Glucose metabolism disorder in obese

children assessed by continuous glucose

monitoring system

Chao-Chun Zou, Li Liang, Fang Hong, Zheng-Yan Zhao

Hangzhou, China

Author Affiliations: Department of Endocrinology, Children's Hospital, Zhejiang University School of Medicine, Hangzhou 310003, China (Zou CC, Liang L, Hong F, Zhao ZY)

Corresponding Author: Li Liang, MD, Children's Hospital, Zhejiang University School of Medicine, 57 Zhugan Xiang, Hangzhou 310003, China (Tel: +86-571-88318645 or 13396585352; Fax: +86-571-87078641; Email: zou108cc@yahoo.com)

Background: Continuous glucose monitoring system (CGMS) can measure glucose levels at 5-minute intervals over a few days, and may be used to detect hypoglycemia, guide insulin therapy, and control glucose levels. This study was undertaken to assess the glucose metabolism disorder by CGMS in obese children.

Methods: Eighty-four obese children were studied. Interstitial fluid (ISF) glucose levels were measured by CGMS for 24 hours covering the time for oral glucose tolerance test (OGTT). Impaired glucose tolerance (IGT), impaired fasting glucose (IFG), type 2 diabetic mellitus (T2DM) and hypoglycemia were assessed by CGMS.

Results: Five children failed to complete CGMS test. The glucose levels in ISF measured by CGMS were highly correlated with those in capillary samples (r=0.775, P<0.001). However, the correlation between ISF and capillary glucose levels was lower during the first hour than that in the later time period (r=0.722 vs r=0.830), and the ISF glucose levels in 69.62% of children were higher than baseline levels in the initial 1-3 hours. In 79 obese children who finished the CGMS, 2 children had IFG, 2 had IGT, 3 had IFG + IGT, and 2 had T2DM. Nocturnal hypoglycemia was noted during the overnight fasting in 11 children (13.92%).

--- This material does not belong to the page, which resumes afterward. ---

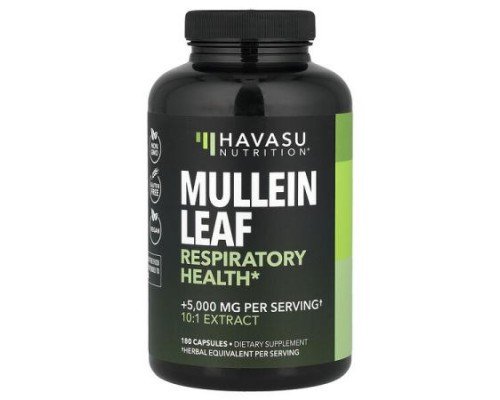 Havasu Nutrition, Mullein Leaf, 180 Capsules (500 mg per Capsule)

Conclusions: Our data suggest that glucose metabolism disorder including hyperglycemia and hypoglycemia is very common in obese children. Further studies are required to improve the precision of the CGMS in children.

Key words: glucose metabolism disorders; hyperglycemia; hypoglycemia; impaired glucose tolerance; obesity; type 2 diabetic mellitus

World J Pediatr 2008;4(1):26-30


Childhood obesity, one of the main causes of coronary artery disease and type 2 diabetic mellitus (T2DM) in adults,[1-5] has emerged as an increasingly common pediatric disease[6,7] over the last decade. The global emergence of T2DM in youth parallels the increasing prevalence of childhood and adolescent obesity. In many parts of the world and among certain ethnic groups, the prevalence of T2DM in adolescents is equal to or greater than that of type 1 diabetes mellitus.[8] The progression from normal glucose tolerance to T2DM in adults occurs through an intermediate phase of altered glucose metabolism known as impaired glucose tolerance (IGT), impaired fasting glucose (IFG), or pre-diabetes. Previous studies from our group and others revealed a high prevalence of IGT among obese children and adolescents.[9-11]

Common oral glucose tolerance test (OGTT) is currently used by measuring fasting, 30, 60, 90 and 120-minute blood glucose levels (capillary or vein samples),[12-14] or only by measuring fasting and 120- minute levels on large-population study.[15,16] The no more than 5 times' measurement has the potential to miss diagnosing the glucose metabolism disorder because of missing the glucose peak. More frequent measurement is often not readily accepted by parents or patients.[17] Continuous glucose measurement of interstitial fluid (ISF) is now possible. ISF glucose equilibrates with blood glucose concentration and can be measured by automatic sampling from a simply implanted subcutaneous sensor. The continuous glucose monitoring system (CGMS) has been shown to detect hypoglycemia, guide insulin therapy, and control glucose levels in children and adults.[18-22]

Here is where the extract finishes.